Coffee Cup Collar
One of the prime directives backstage at any video shoot is this: No open containers of liquid will be placed on any equipment table. The reason is obvious, but some producers and clients hiring us seem to think that because they are paying the bills, their coffee and other drinks are exempt. If you run into such a situation, you might want to follow the tip used by an engineer I shall refer to only as Louis. When the client on a recent project insisted on having his coffee close at hand, as you can see in the photo, Louis grabbed a full roll of 2 inch gaffer’s tape and put it around the cup, making it as spill-proof as possible.
More Tape Tips
After having written this column for more than 34 years, I sometimes wonder if anyone cares. Then I get a letter like this one from Patrick Murphy.
Dear Tips to Clip,
Ever since I started going to the Dick Reizner Workshops many years ago at the Video Expos in NYC, I have always worked with gaffer’s tape close at hand. Dick taught me to never toss it until it’s 100 years old. To this day I always have strips on my clipboard in case it’s needed, and it’s bailed me out many times.
Pat Murphy, Director
Reel Good Tip
Very long cables are much easier to handle if they are on a reel, but if the reel does not have a stand, getting the cable on or off can be a problem. Jeff Carrender of San Jose, Calif., suggests placing it on a broomstick wedged between two chairs. The reel turns easily and you can relax a bit by sitting in a third chair.
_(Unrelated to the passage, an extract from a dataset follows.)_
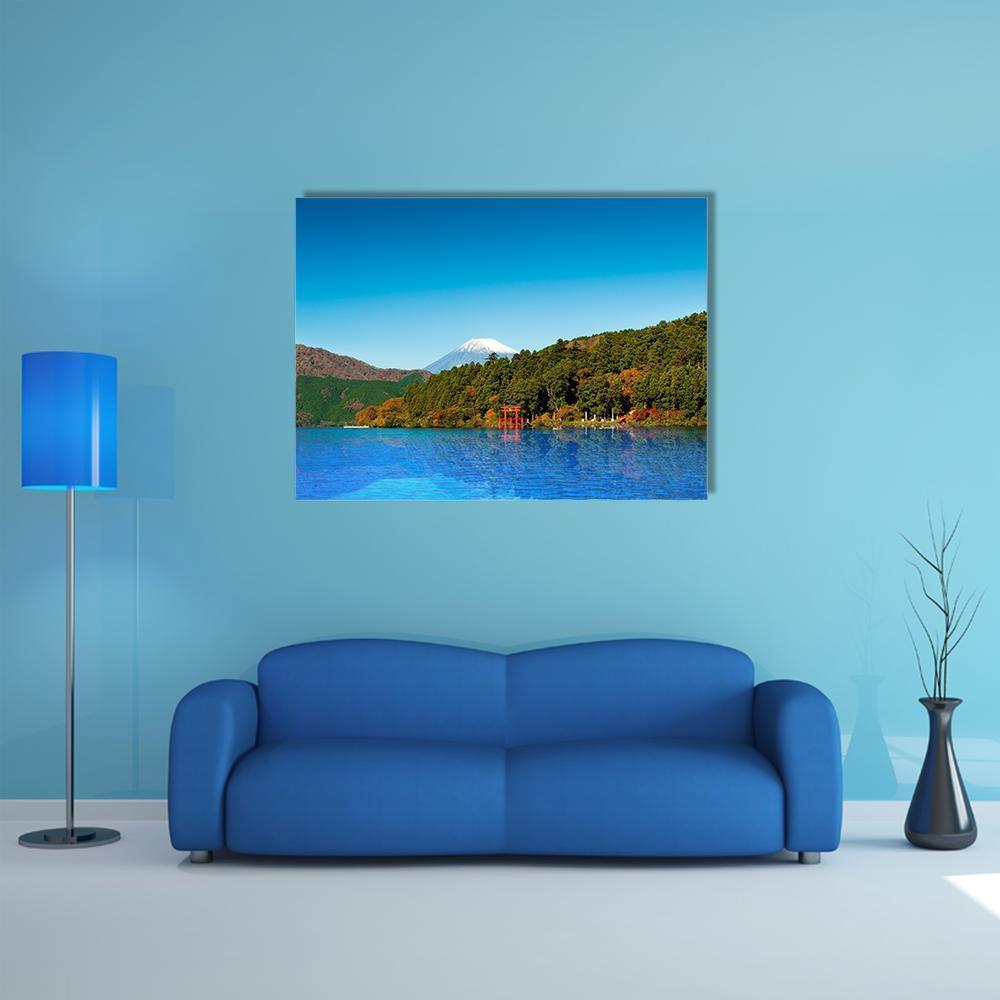 Red Torii Gate on Lake Ashi Canvas Wall Art in green and blue, single panel hung on a wall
To make it easier to find his black flashlight in the dark recesses of his camera bag, Paul Muller of Denver, Co., wraps white tape around the barrel. I have done something similar, but I used the glow in the dark tape normally used to create stage spike marks that assist when a scenery change must be done in the dark.
A production job in Asia’s 220-volt, 50-cycle electrical environment prompted a call for lighting tips from Brian Mayworth of New York City. He says he will not have the option of renting local equipment.
I suggest that before you leave, you purchase 220-volt lamps and the appropriate plug adapters for your instruments. They are readily available here, and you may not have the time to look for them there. I don’t think you need to buy foreign extension cords and power strips. It is much more efficient to use your own cords and place the adapter at the wall. U.S. three-for-one taps are easy to pack and will allow you to use one adapter for several instruments. (Being careful, of course, to not overload the circuit.)
One more thought: Many countries do not have the smooth power found in most of the United States, so it’s a good idea to run your camera and other delicate equipment on rechargeable batteries. If you are hit by a power spike, only the charger will be damaged and you can go on shooting.
You don’t want to count on this, but some international hotels have 110-volt outlets into which you can plug U.S. chargers. Many chargers will operate on either system (read the label on yours).
It is also a good idea to photograph all of your equipment before leaving the U.S. The images may help you get it through customs both overseas and on your way back.
I hope these tips help and that you have a successful shoot.